The work of Charles Plosser, former dean of Rochester’s Simon Business School and past president of the Federal Reserve Bank of Philadelphia, was the focus of the Carnegie-Rochester-NYU Conference on Public Policy, held at the University this past April. It was the 91st meeting of the seminal conference, held twice a year since its founding in the 1970s by Karl Brunner, who became the Fred H. Gowen Professor of Economics at Simon, and Allan Meltzer, a professor of political economy at Carnegie Mellon University’s Tepper School of Business.

Plosser says he had no idea his research papers would be as influential as they’ve become. “The way you do research is you find interesting questions and try to stimulate others to think further about problems,” says Plosser. “And some of my papers were certainly successful at doing that, which is very pleasing.”

More than 75 economists and public policymakers attended the gathering last week. “The conference discussions are all about bringing the best thinking to how policy is—or should be—articulated and executed,” says Thomas Cooley, a professor of business and international trade at New York University and one of the event’s organizers.

The discussions have deeply affected the whole course of macroeconomics in the past 40 years, according to Cooley and others in the field.

Plosser is known for his work on real business-cycle theory.
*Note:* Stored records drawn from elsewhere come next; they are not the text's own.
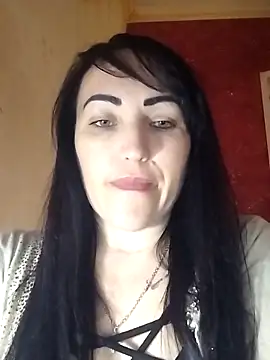 ArianaXFresh online show from November 28, 2025, 11:10 am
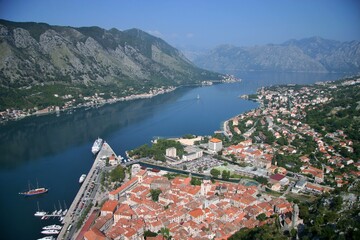 Fototapeta na wymiar Lovely Kotor old town with beautiful mountainous scenery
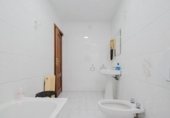 Hotel en venta con 403m² en Santa Fe, Avenida Palos de la Frontera foto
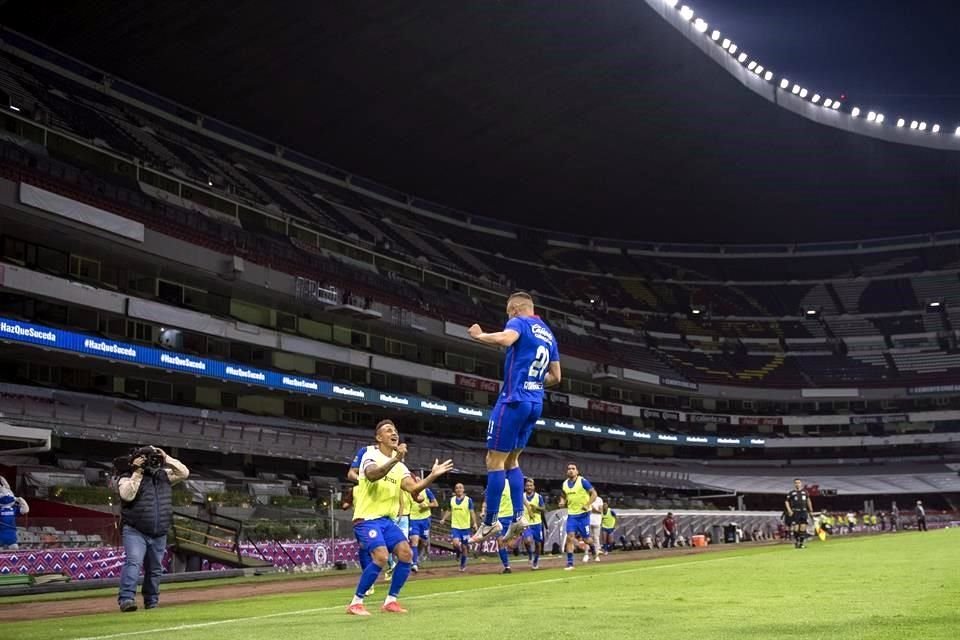 Cruz Azul se afianzó en el liderato.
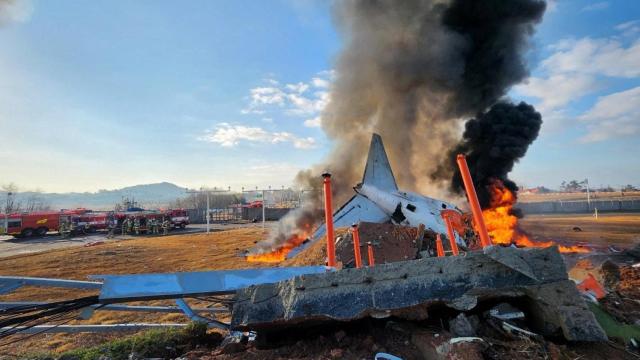 Restos del avión siniestrado en el aeropuerto de Muan, en la provincia de Jeolla (Corea del Sur).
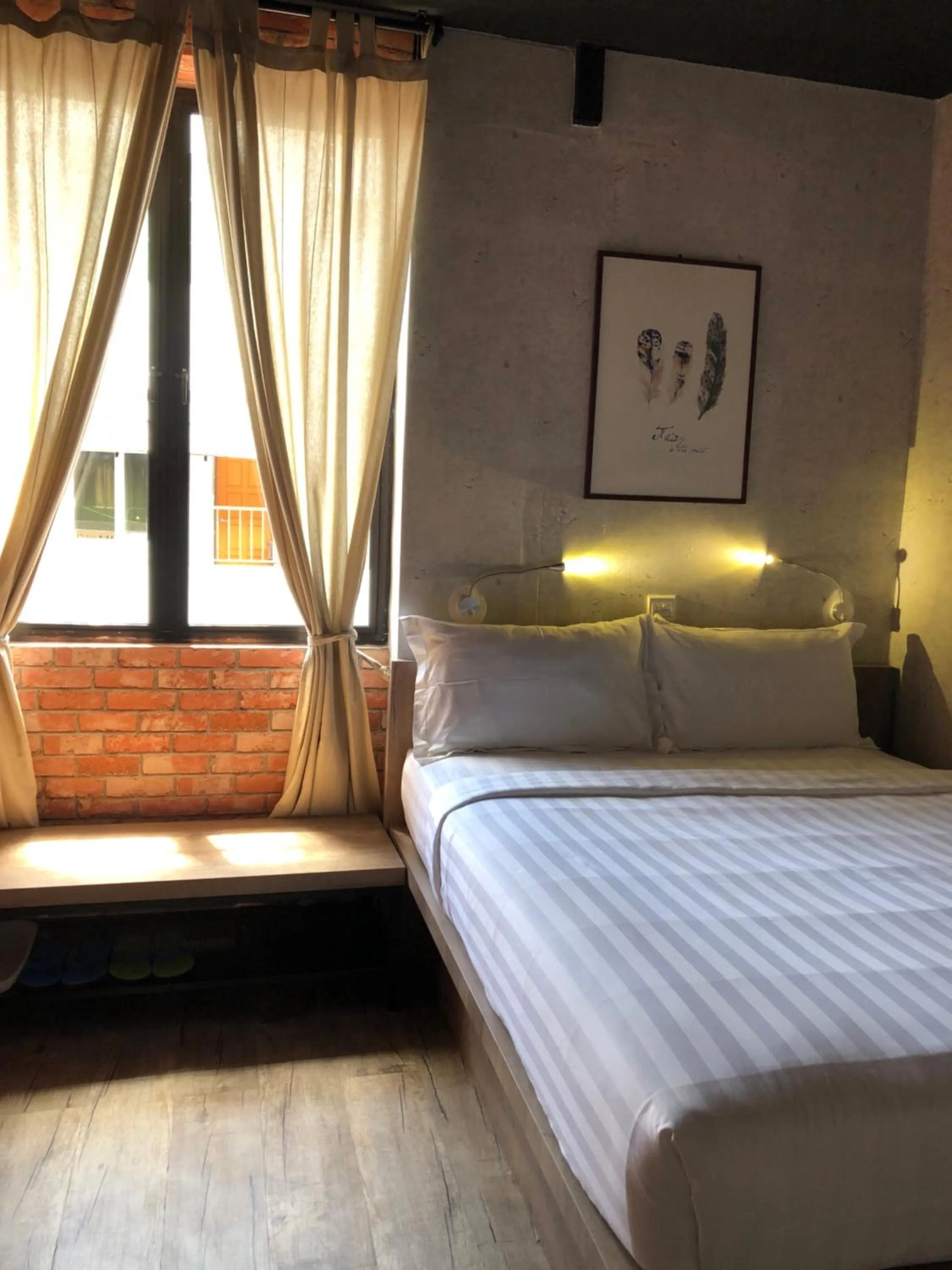 Photo of the whole room, Bed in Cube Bed Station & Tours Sdn Bhd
Narayana Kocherlakota, the Lionel W. McKenzie Professor of Econonics at Rochester, who, like Plosser, is a former Federal Reserve Bank president, was among those who presented papers. Others presenting papers or participating in roundtable discussions were scholars and policymakers from an array of institutions including the University of Pennsylvania, Columbia University, the University of Oslo, Stockholm University, Jiao Tong University, and the Federal Reserve Bank of St. Louis.

Kocherlakota is impressed with the way the conference—and the profession—builds on the past work of Plosser, as well as on the papers presented in previous meetings. “My own paper followed up on the work of Robert Lucas from the very first conference in 1976,” says Kocherlakota. “Lucas argued that a scientific assessment of public policy choices requires a complete theory of how those choices affect private sector expectations about the future. In contrast, I argue that most policymakers’ decisions are sufficiently ephemeral that they have no effect on future expectations.”

The conference location alternates between Rochester, Carnegie Mellon, and NYU. It will next be held in November in Pittsburgh and devoted to the theme of “Tax Reform: Implications for Growth, Inequality, and Welfare.”